[Records to use]:
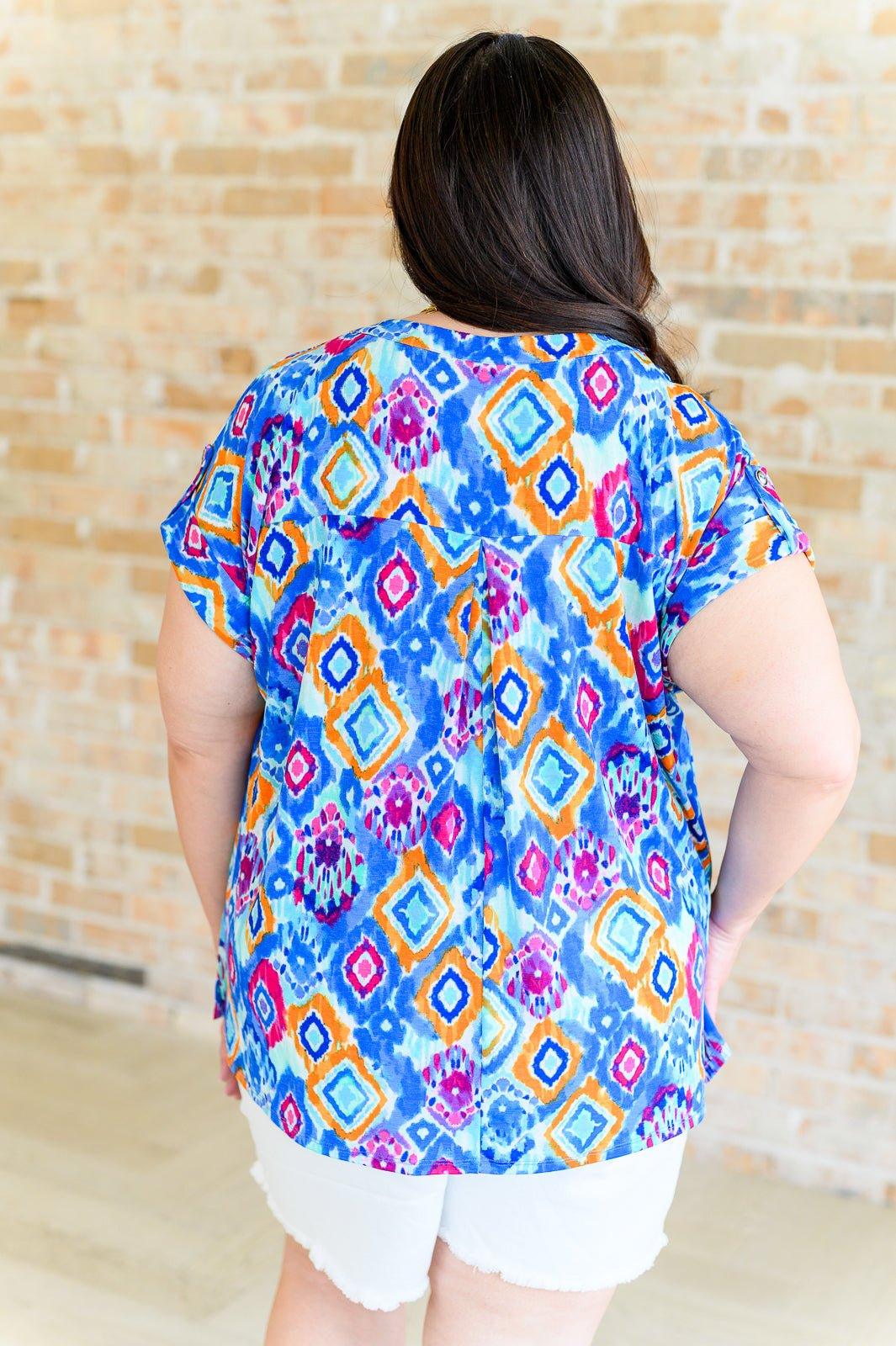 Lizzy Cap Sleeve Top in Blue and Magenta Ikat - AS8704-01 - Love it Curvy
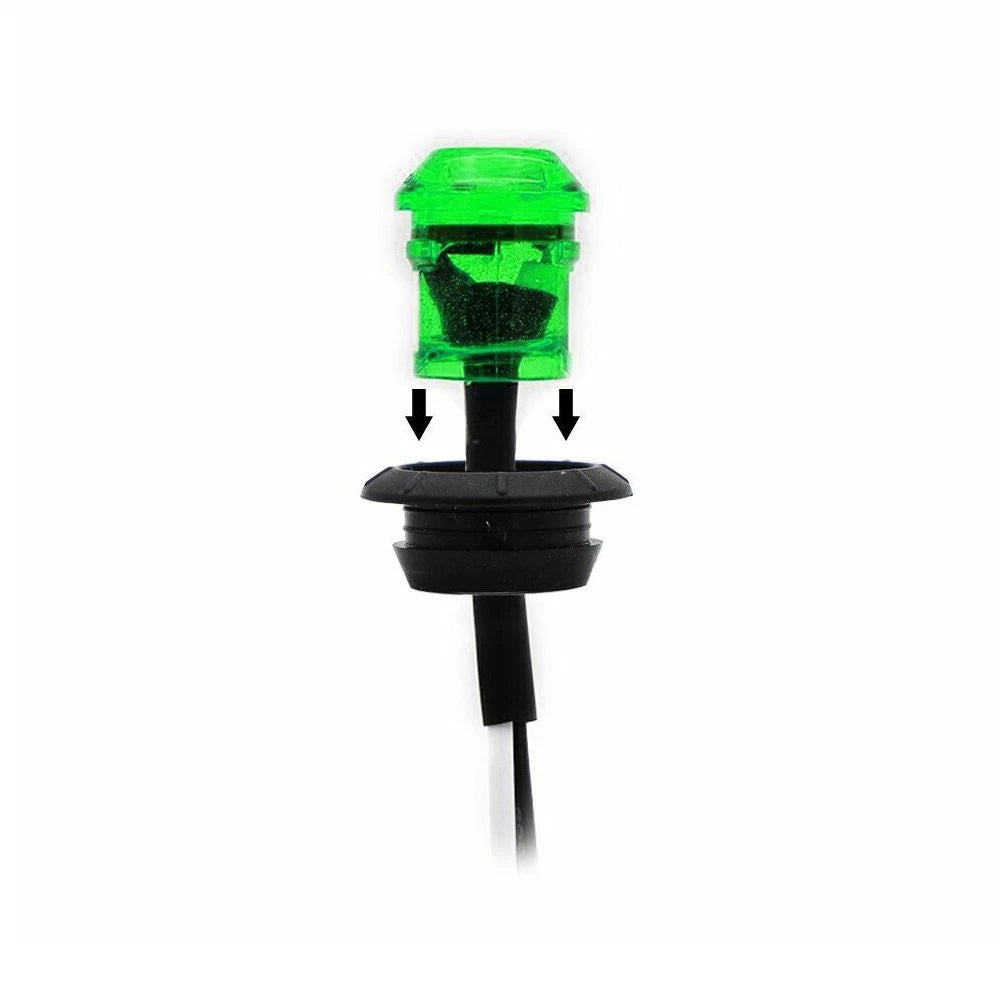 10X Mini 3/4" Round LED 3 Green Side Marker Truck Trailer Bullet Light Lamps 12V 6B93BC-57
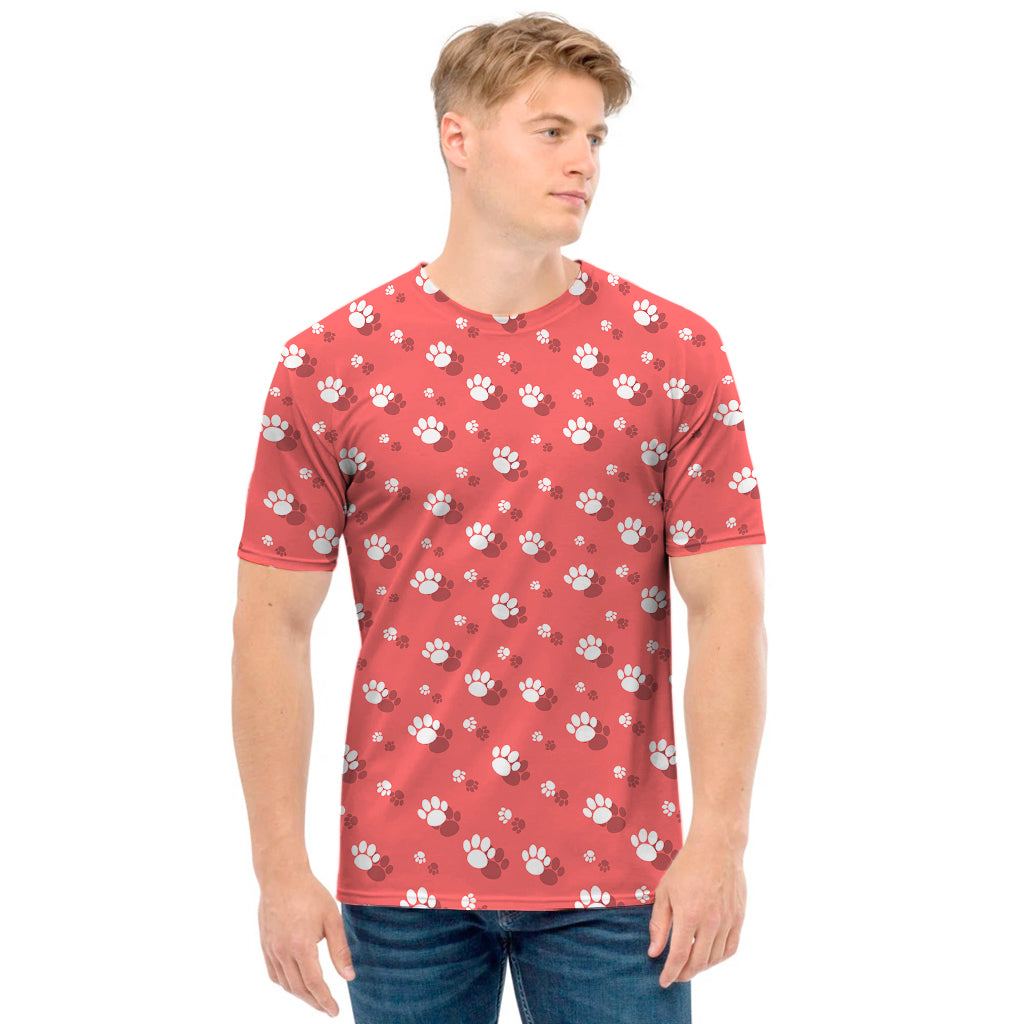 Pink And White Animal Paw Pattern Print Men's T-Shirt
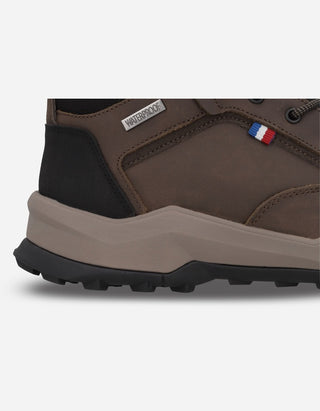 Botines Trekking Waterproof Hombre Cuero Y Textil Elbrus-6-27 Café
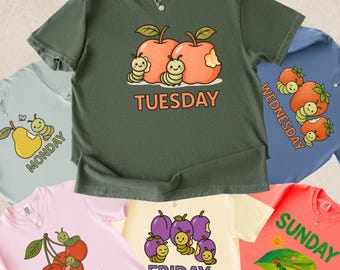 Camiseta del martes de la Oruga Hambrienta, camiseta de manzana con colores cómodos, regalo para profesores de literatura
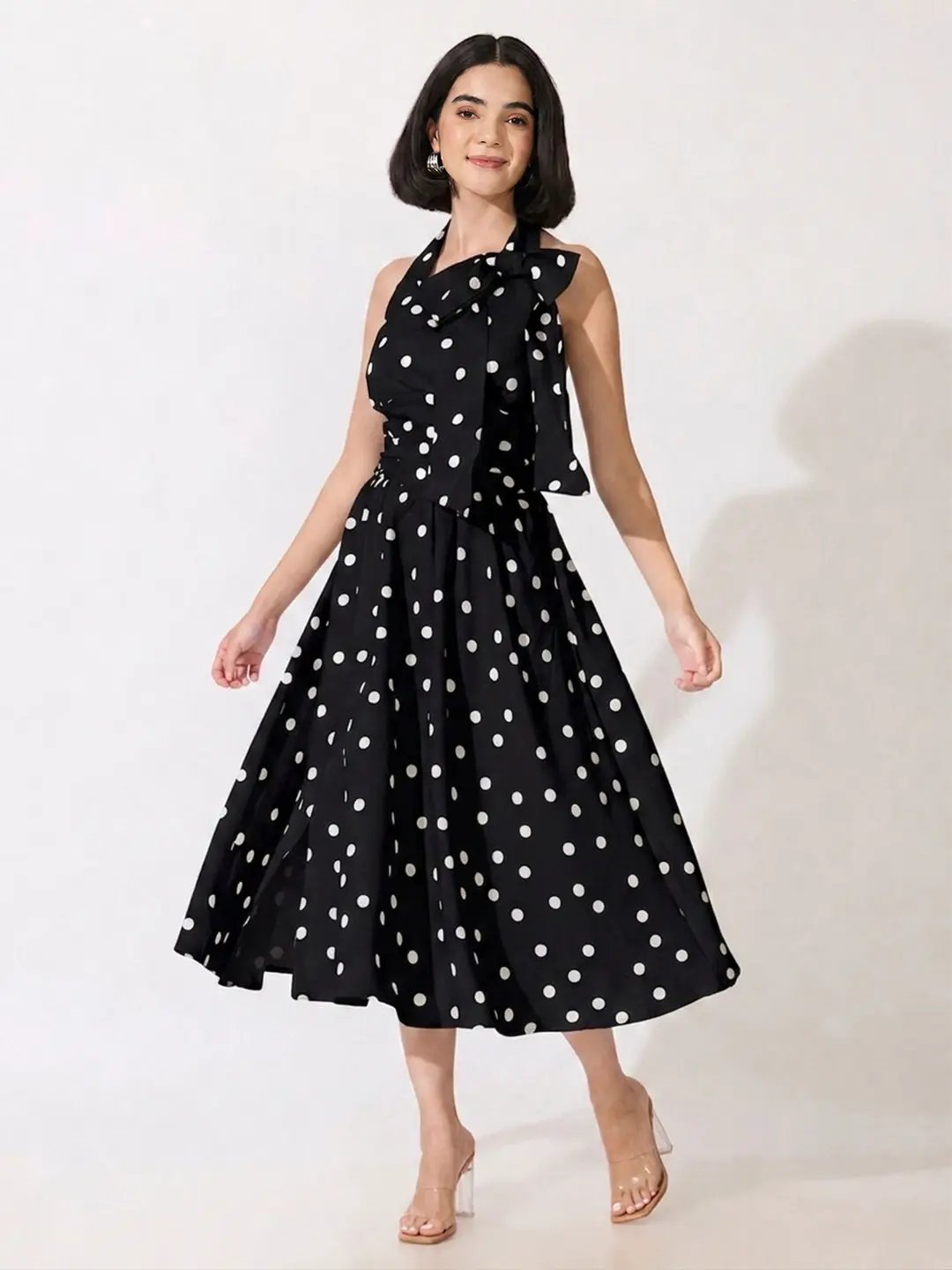 Women's Polka Dot Black Halter Neck Bow Detail Fit & Flare Midi Dress - from SHOWOFFFF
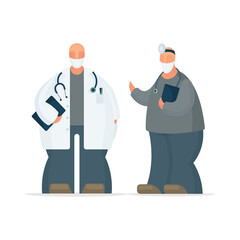 Doctors cartoon style abstract characters. Doctors in face protective face masks. Part of set.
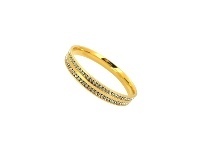Bevilles Jewellery Yellow Stainless Steel Crystal Channel Bangle offer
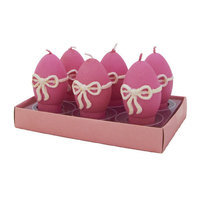 Fantastic Craft Egg Ribbon Tea Light Novelty Candle Set Color: Pink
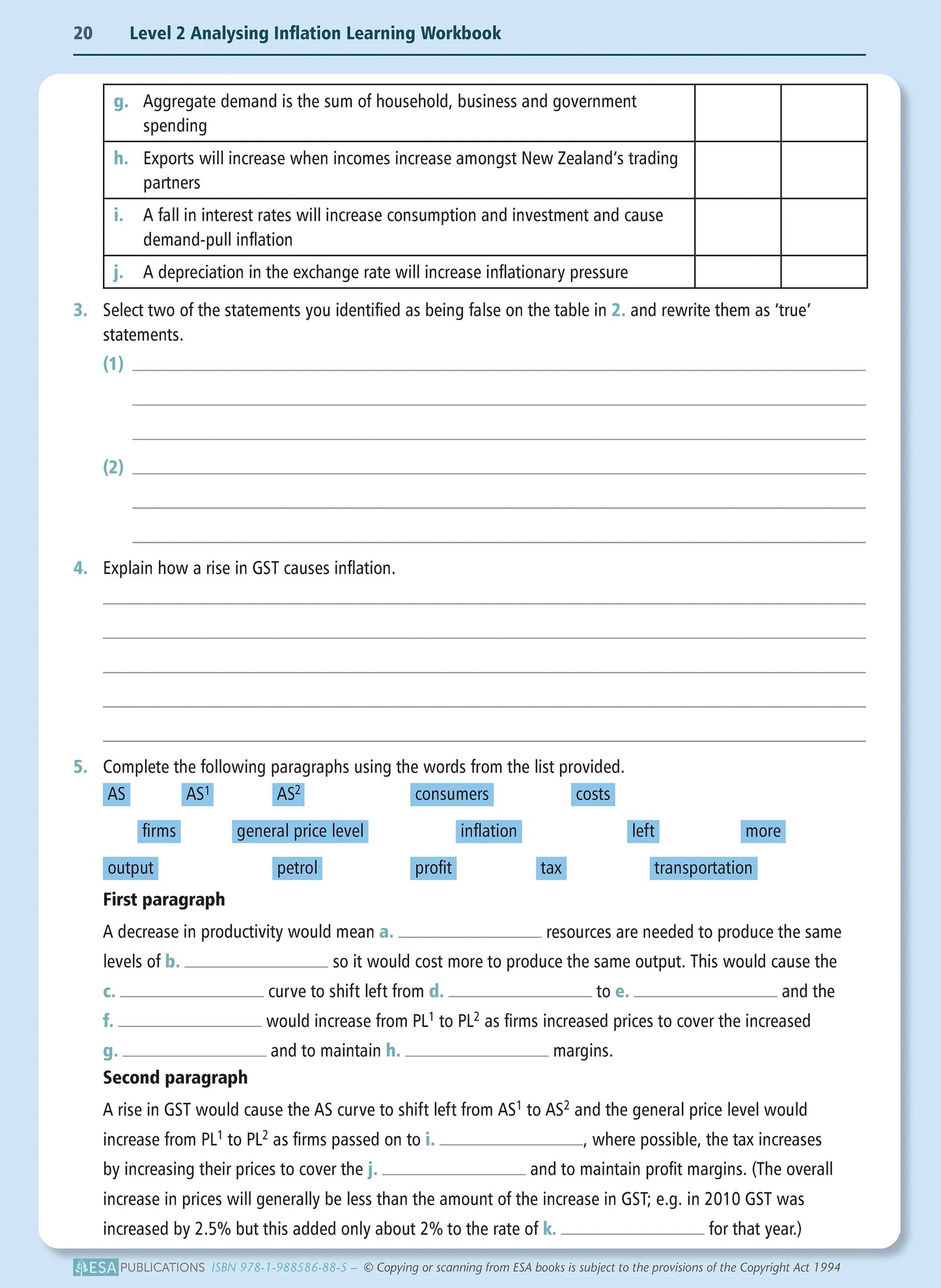 Learnwell Level 2 Analysing Inflation 2.1 Learning Workbook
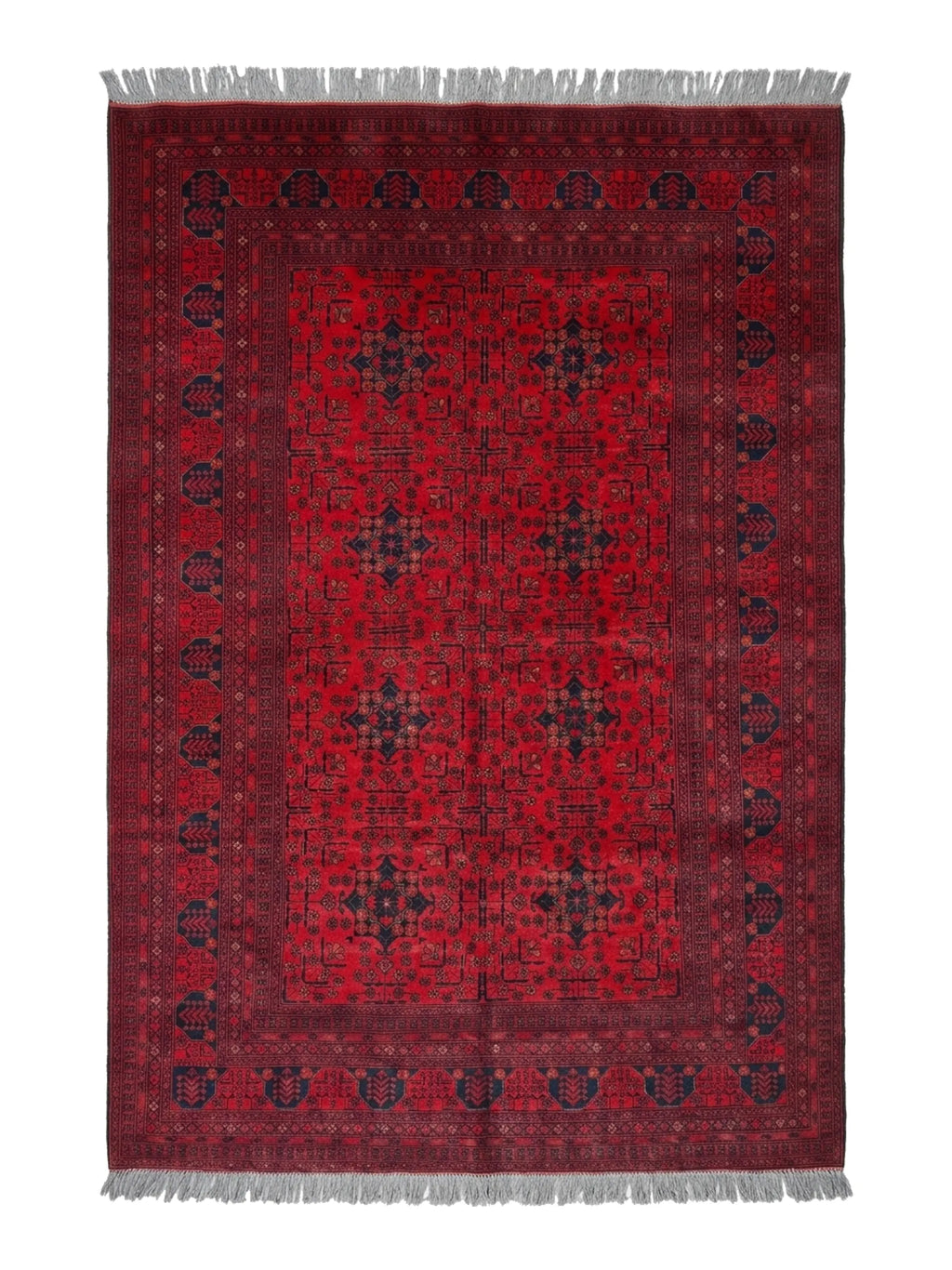 Vintage Afghan Bokhara (Turkmen) hand-knotted rug, 297 × 206 cm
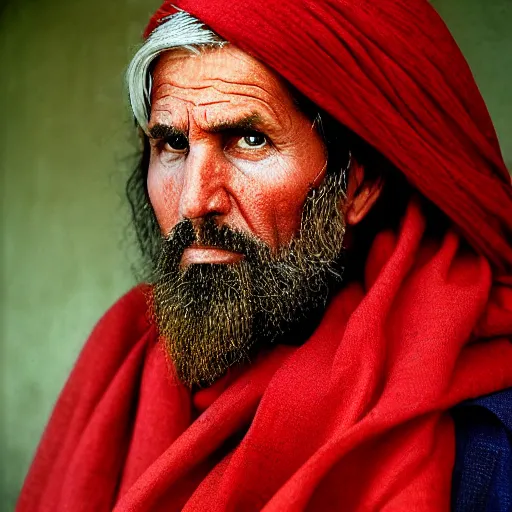 Prompt: portrait of president donald trump as afghan man, green eyes and red scarf looking intently, photograph by steve mccurry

[Exercise description]:
Look above for the line containing "Pink And White" and the line containing "Bevilles Jewellery Yellow", then reproduce both and everything between them exactly, pictures omitted.

[Answer section]:
 Pink And White Animal Paw Pattern Print Men's T-Shirt
 Botines Trekking Waterproof Hombre Cuero Y Textil Elbrus-6-27 Café
 Camiseta del martes de la Oruga Hambrienta, camiseta de manzana con colores cómodos, regalo para profesores de literatura
 Women's Polka Dot Black Halter Neck Bow Detail Fit & Flare Midi Dress - from SHOWOFFFF
 Doctors cartoon style abstract characters. Doctors in face protective face masks. Part of set.
Bevilles Jewellery Yellow Stainless Steel Crystal Channel Bangle offer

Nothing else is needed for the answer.